Pandemic Diary August 2021: Misty Watercolor Memories

Me and my freshman dorm 

This month marks the 28th anniversary of me moving to NYC. My boss was moving his daughter into the same NYU dorm I lived in yesterday.  While it was probably emotional for him, it stirred up a lot for me as well.

Living in NYC is never easy.  At every turn, it challenges you to leave. To stay is a fight—a financial, emotional, and logistical one. You put up with roommates, mice, roaches, ridiculous apartment layouts, questionable landlords, sticky subway poles, sweltering subway platforms just to survive. And in those moments, you wonder why. 

But then you stand on a rooftop on a summer night and hear Broadway performers singing Sunday in the Park with George and it’s unbelievably magical. You and your roommates all laugh and scream standing on the sofa with broomsticks fruitlessly chasing a mouse around the room. You overhear someone telling a story on the subway so good that you wish you could change subway lines with them to keep listening to them tell it. You meet one of your favorite playwrights and tell them how much their work meant to you and then you go out on the street and burst into tears. And these odd little bits add to up to the reasons why you stay.

I’ve lived in Seattle, Los Angeles, and the suburbs of DC. None of those places every felt right. When I left for Seattle, I sobbed as the plane took off.  But as my friend Laura said recently “I’m never sad to come home to NYC.”

When I first got here, arriving from a small town, I felt like I did not speak the language.  Over time I acclimated. A veneer of jadedness covers us all as a coping mechanism. There are too many people. There’s too much life happening around you.  Alas, you cannot take it all in and process it and still keep your sanity.

I was visiting Boulder Colorado once and as I walked down the street everyone said hello to me. It was terrifying.  New Yorkers are not more mean or callous. But you just cannot smile and say hello to everyone walking down the street (nor should you).  Whenever I have fainted in public, people have rushed to my aid. Whenever I have cried on a subway car, I have been left alone to do just that.

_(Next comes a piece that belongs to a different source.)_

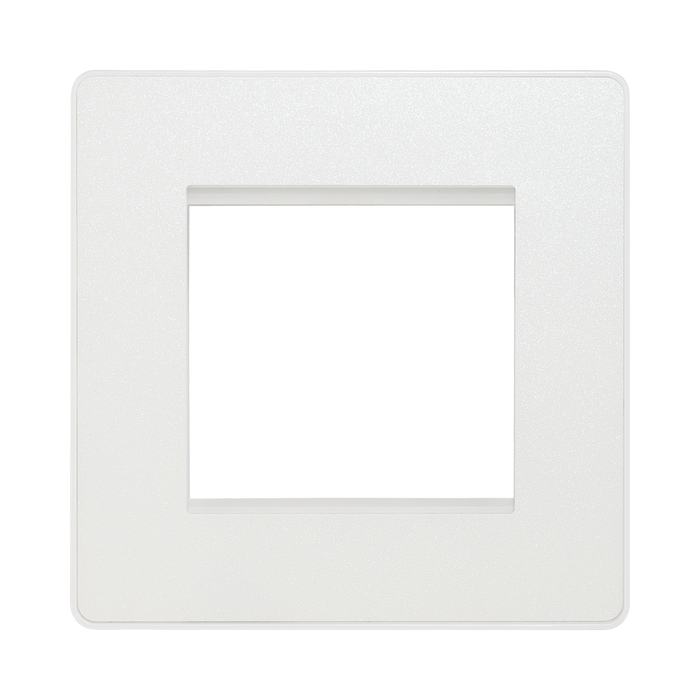 BG Evolve Pearl White 2G Euro Module Plate PCDCLEMS2W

I’m not sure I recognize the girl who moved here 28 years ago. There have been a lot of unexpected tangents in my journey from that day until now. And what this city is, what it means to be here, and what it means to stay has taken on a whole different gloss since March 2020.

But when I circle my local park practicing my Korean vocabulary aloud, no one looks at me funny. Kids are playing on the swings and running though fountains. People play volleyball, soccer, basketball all at the same time and all somehow manage to share the limited pavement. Intrepid neighbors are selling food and drink out of coolers to the players and their onlookers.  And this feels like home.

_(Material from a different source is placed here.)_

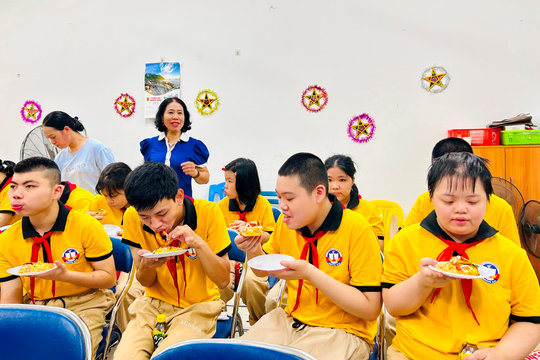 Mùa Trung thu ấm áp của trẻ em phường Hoàng Mai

In honor of my youthful memories of being a young idiot in the big city, I give you Nevertheless about twentysomethings making bad choices.

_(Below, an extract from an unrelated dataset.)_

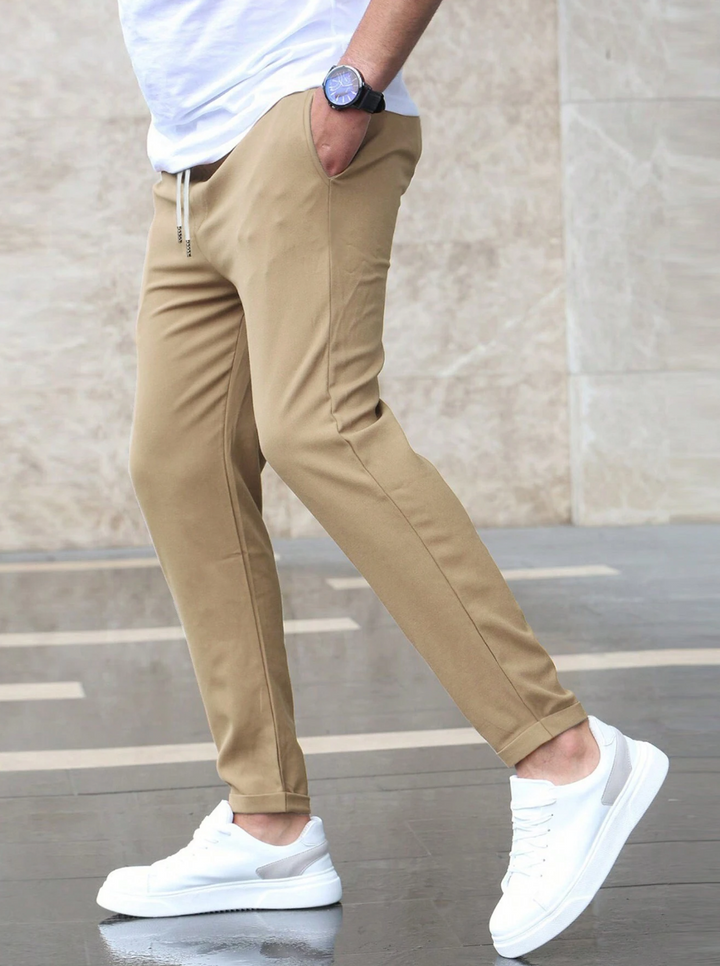 Rückansicht schwarze Herren Slim Fit Hose mit Tunnelzug, Gesäßtaschen, elegante Freizeithose, Herrenmode.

Song Kang deserves a grown-up vehicle after acting in so many teen dramas. Nevertheless delivers on mature themes but in a half-cocked way. It feels like someone thought a sex drama with half-naked Song Kang would be enough. But it turns out you need to invest in the characters a bit more.

Yu Na-bi (Han So-hee) is a struggling art student who is humiliated by her first boyfriend, an older man and art teacher. She swears off love after this.  When she encounters a flirty metal sculpture student Park Jae-eon (Song Kang) and known-bad boy she’s not sure how to navigate her lust for him and what she knows she needs.  So, she gives into the lust and they have a no-strings attached fling. But the red flags add up to too much for her and she calls it off. But she cannot avoid him at school completely. The show also follows several other couples in her art class and their struggles with being casual, having secret crushes, and slow-burn discovering their feelings for someone else.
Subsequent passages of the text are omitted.